Exercise instructions. The entries are to be given back verbatim; no picture is to be copied.
Segment Start: Data extracts
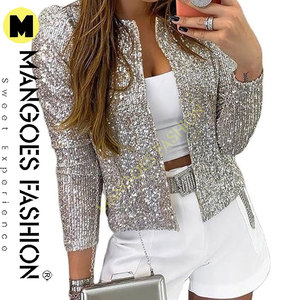 Elegant Winter Quilted Open Front Crop <b>Jacket</b> Women Statement-Making <b>Silver</b> Sparkly Sequin Blazer Coat Puff Long Sleeves - Product Image 2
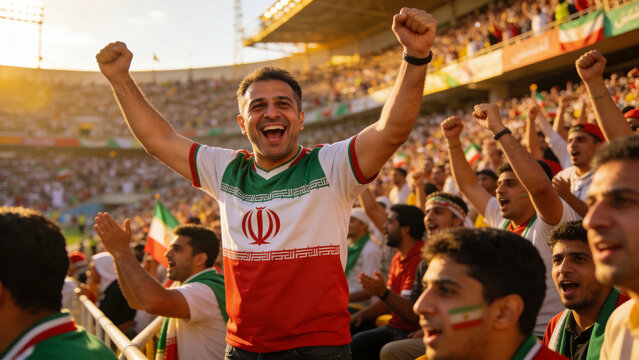 Cheering man in white green red national team jersey raising arms in stadium, with flags scarves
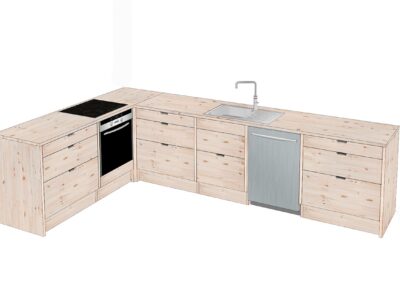 Kitchen with corner module with 3 sections of draws with grip hole. Wood type: Pine
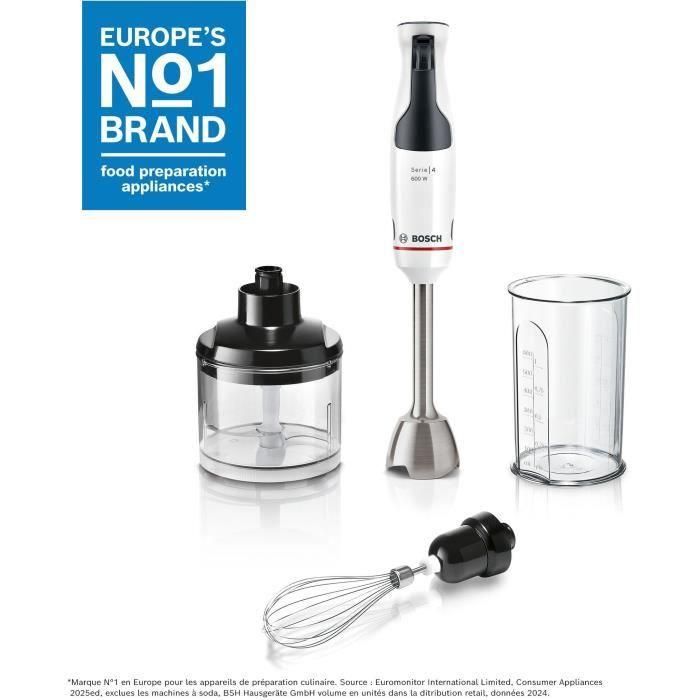 Batidora de mano - BOSCH - MSM4W221 - 600 W - 4 cuchillas afiladas - Bol para mezclar - Mini picadora - Batidor - Engranaje cerámico Batidora de mano - BOSCH - MSM4W221 - 600 W - 4 cuchillas afiladas - Bol para mezclar - Mini picadora - Batidor - Engranaje cerámico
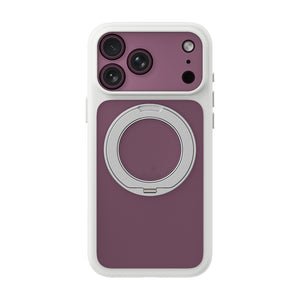 iiCASE Glacier 360 Ring Stand Case iPhone Case in Frost White shown on purple iPhone detail image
Segment End: Data extracts
Solution to this task.
 Elegant Winter Quilted Open Front Crop <b>Jacket</b> Women Statement-Making <b>Silver</b> Sparkly Sequin Blazer Coat Puff Long Sleeves - Product Image 2
 Cheering man in white green red national team jersey raising arms in stadium, with flags scarves
 Kitchen with corner module with 3 sections of draws with grip hole. Wood type: Pine
 Batidora de mano - BOSCH - MSM4W221 - 600 W - 4 cuchillas afiladas - Bol para mezclar - Mini picadora - Batidor - Engranaje cerámico Batidora de mano - BOSCH - MSM4W221 - 600 W - 4 cuchillas afiladas - Bol para mezclar - Mini picadora - Batidor - Engranaje cerámico
 iiCASE Glacier 360 Ring Stand Case iPhone Case in Frost White shown on purple iPhone detail image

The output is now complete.